The main victim of the reshuffle was Fernando Olivera of the discredited Frente Independiente Moralizador (FIM), Toledo’s main ally in government and the self-promoted ‘broom’ of anti-corruption who, as many have suspected for along time, has not been as squeaky clean as he would have us believe. It seems that Olivera, Peru’s ambassador in Madrid and former justice minister, knew more than he was prepared to let on about the activities of Almeyda, the one time head of the Intelligence Bureau, who stands accused of receiving cash in return for allowing Villanueva to engage in plea bargaining.

The new cabinet brought with it an infusion of independents, following widespread calls for a more broadly based-administration. Not only did the FIM get the chop but also the number of cabinet seats reserved for members of Toledo’s Peru Posible (PP) grouping. Best known of the ‘new’ entrants (among whom the private sector is well represented) was Pedro Pablo Kuzcynski (PPK) the new finance minister. PPK held the same ministry at the beginning of the Toledo presidency, but was kicked out following the anti-privatisation riots in Arequipa of 2002.

Although the reshuffle led to a slight increase in Toledo’s otherwise abysmal popularity ratings, it is unlikely to result in the much-needed permanent boost that his government so urgently requires. Many had called for Toledo to take a back seat from now on and let his prime minister, Carlos Ferrero, take control of the day-to-day management of government.

This is as if Peru had a parliamentary system of government in which there is a separation between the head of state and the head of government. Such is not the case. Peru has a highly centralised, presidential system, where the two roles are combined in the same person, and that person is expected to run the show for the duration of the five years for which he (or she) is elected. There is no formal procedure for shortening the president’s term of office — however unpopular or discredited he (or she) may be — unless s/he formally resigns the office along with his/her two vice-presidents (as happened in 2001).

Notwithstanding the country’s political traditions, some commentators are beginning to advocate the adoption of a more parliamentary system which would allow a head of government who loses public confidence to resign.

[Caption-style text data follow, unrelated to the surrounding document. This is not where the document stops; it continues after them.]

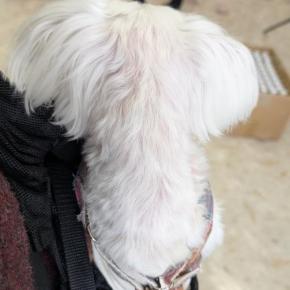 あしあと祭～♪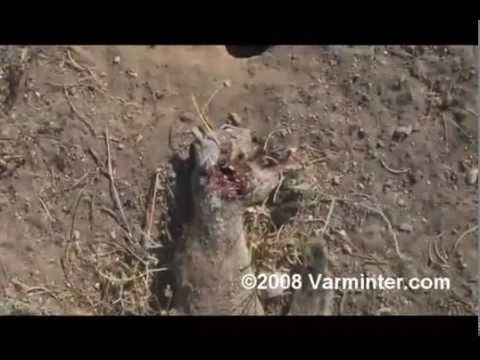 Ground Squirrel Hunt with 5mm Centurion Remington Rimfire Magnum Ammunition - I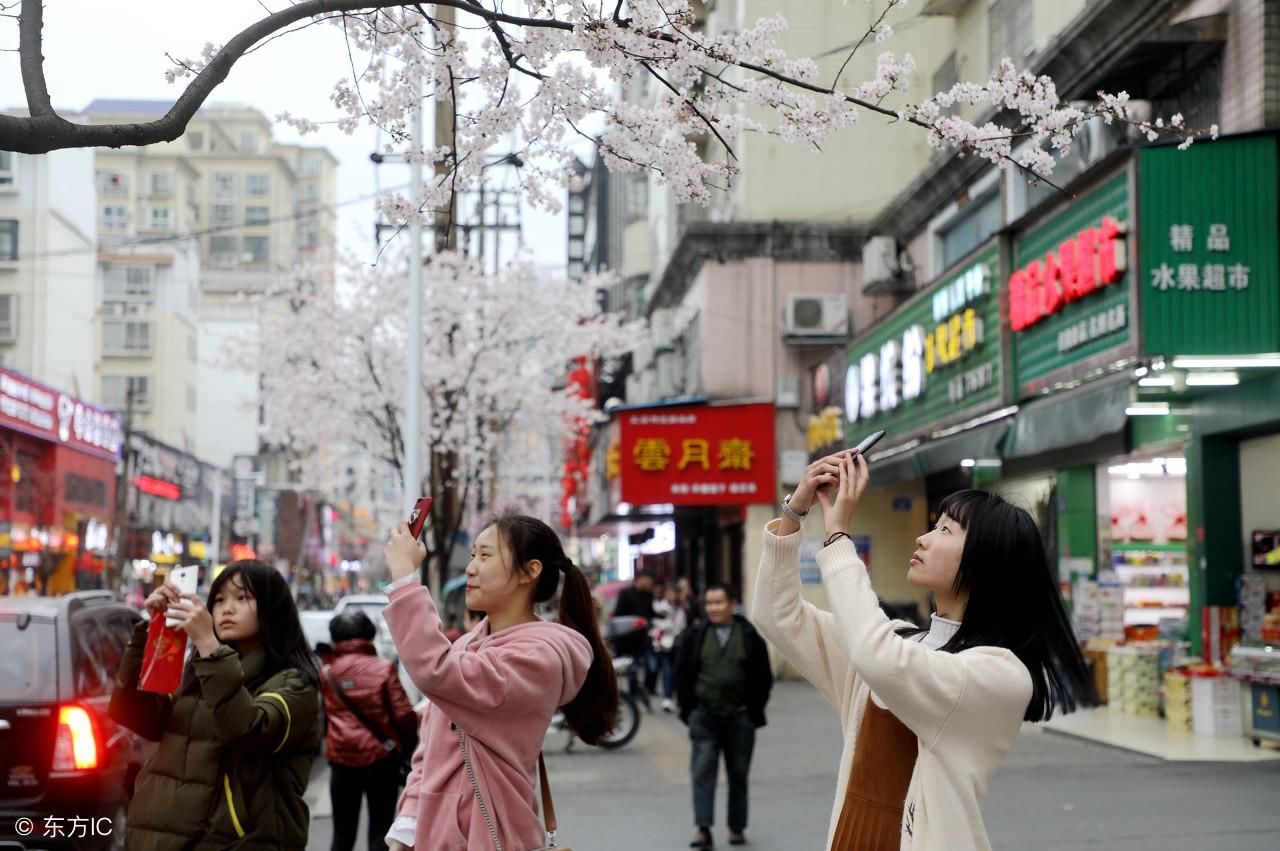 湖南：常德闹市一条街，早春三月赏樱花，流连忘返“樱花一条街”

Paradoxically, Toledo’s weakness is perhaps his strongest card. His removal would be deeply unsettling for democracy in Peru. The role currently being played by the ujimontesinos mafia in destabilising the Toledo government remains unclear, though cui bono these shadowy influences stand to gain most from a collapse of the present regime. The Almeyda affair suggests that the release of information on government corruption can have a highly destabilising effect.

Toledo’s main line of defence is that he is democracy and that his premature fall would be a victory for the mafia and a devastating blow to the country’s weak democratic institutions. But the cost of this is that the next two years — between now and the spring 2006 elections — will be ones of continued policy drift and lack of political leadership.

In this context, the opposition parties have a difficult role to play. On the one hand, they need to distance themselves from Toledo and his people, avoiding the sort of explicit backing that the government needs. They want to reach 2006 with their credentials intact. On the other, they need to prevent a political collapse at all costs. As for much of the last two-and-a-half previous years, Toledo seems set to remain a figure gently twisting in the wind.